Die Börsenumsatzsteuer könnte dem Staat Einnahmen von bis zu 3 Mrd. Euro bringen, heißt es in dem Konzept. Es sei ein "Beitrag zur Wiederherstellung von Fairness", wenn der Sektor, dessen Rettung den Staatshaushalt auf Jahre belaste, etwas zur Finanzierung beitrage, sagte Steinmeier am Freitag in Berlin. Geplant ist eine Abgabe in Höhe von 0,5 Prozent auf den Kurswert von an der Börse getätigten Geschäften, etwa bei Aktienkäufen. Steuerpflichtig wäre der Käufer, bei der Emission von Aktien der Verkäufer.
Damit orientiert sich die SPD am britischen Vorbild. In Großbritannien gibt es eine so genannte "Stempelsteuer", der Steuersatz auf Wertpapiergeschäfte beträgt ebenfalls 0,5 Prozent. Das Finanzministerium verweist darauf, dass auch an den Finanzplätzen Zürich und New York Börsenumsätze besteuert werden, ein Wettbewerbsnachteil für die Frankfurter Börse sei daher nicht zu befürchten.

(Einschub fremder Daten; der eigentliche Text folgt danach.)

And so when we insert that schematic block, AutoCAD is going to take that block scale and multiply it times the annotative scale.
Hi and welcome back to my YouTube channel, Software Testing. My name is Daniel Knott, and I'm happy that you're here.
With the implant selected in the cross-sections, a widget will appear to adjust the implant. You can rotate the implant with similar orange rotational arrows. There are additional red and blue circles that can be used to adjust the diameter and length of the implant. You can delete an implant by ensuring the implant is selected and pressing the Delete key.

In Deutschland gab es bis 1990 eine Börsenumsatzsteuer, sie wurde unter Regie des damaligen Finanzministers Theo Waigel (CSU) von CDU, CSU und FDP abgeschafft. Nun will die SPD mit der Steuer auch die Nachhaltigkeit an den Finanzmärkten fördern. Kurzfristige Spekulationen würden teurer, dagegen spiele die Steuer bei längerfristigen Anlagen praktisch keine Rolle, heißt es in einem Papier Steinbrücks. Außerdem rechnet das Ministerium damit, dass die deutsche Börse AG mit Einführung der Steuer ihre Gebühren senken werde.

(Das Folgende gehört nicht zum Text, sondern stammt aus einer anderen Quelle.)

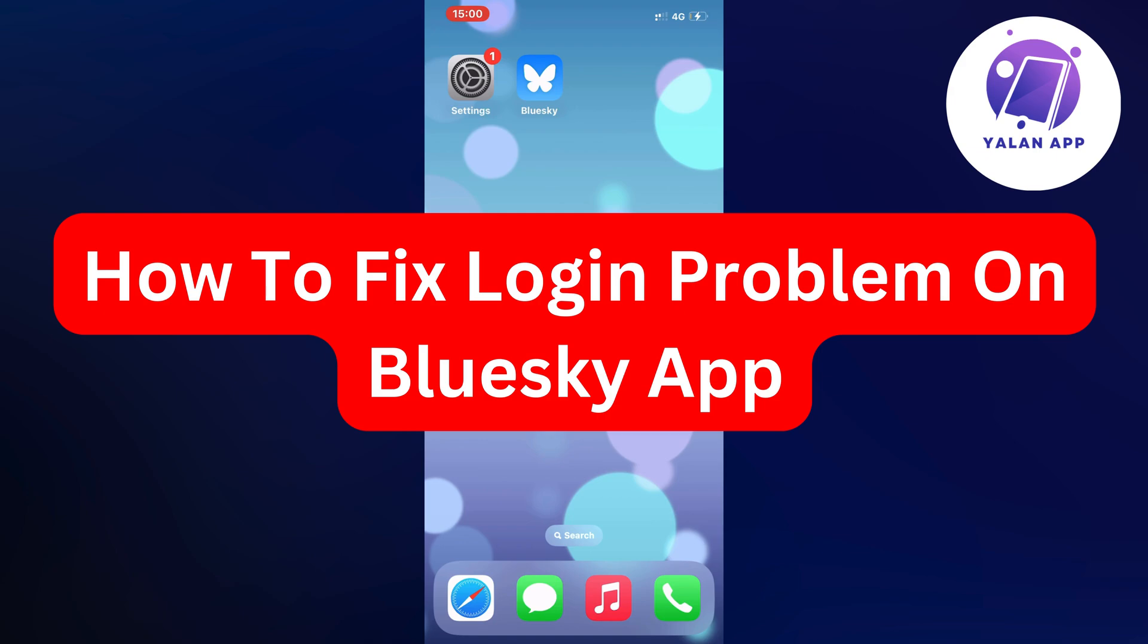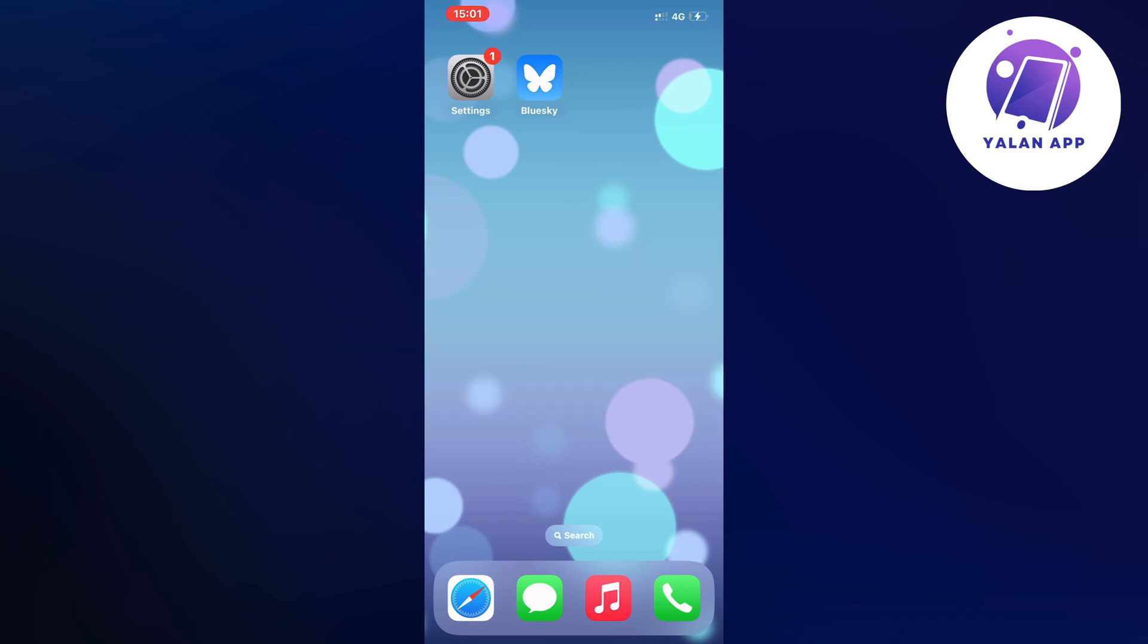Hello everybody and welcome back to Yalan app. Are you currently having problems with not being able to log in on your Blue Sky app and you want to be able to fix this?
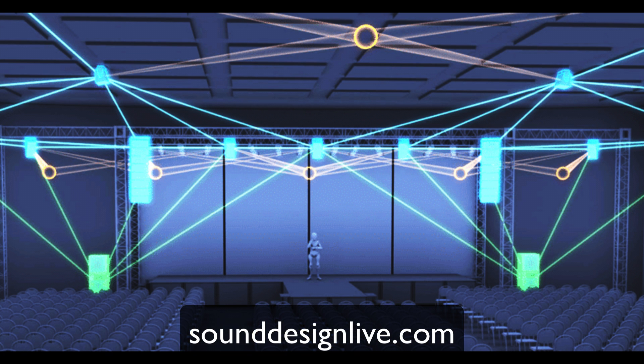You can't get stupid about these things. Front fills are only going to cover two rows and about five people wide, so they are not part of your spatialization system. You're not going to be zinging things around the front fills and have everybody go wow, look at it moving across the front. That's not going to happen.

Die SPD fordert in ihrem Konzept eine grundlegende Neuordnung der Finanzmärkte. Auch Hedge-Fonds sollen künftig der Regulierung unterworfen werden. Dabei soll diejenige Aufsichtsbehörde zuständig sein, in deren Bereich ein Fondsmanager seine Haupttätigkeit ausübt. Der formale Sitz des Fonds, oft in Steueroasen, würde keine Rolle spielen. Steinmeier sagte, man folge dem Grundsatz, dass es keine Finanzgeschäfte ohne Regulierung mehr geben solle. Bei Fonds, deren Größe ein systemisches Risiko für die Finanzmärkte darstelle, solle die Aufsicht auch Standards für Kapital, Risikomanagement und Liquidität festlegen können.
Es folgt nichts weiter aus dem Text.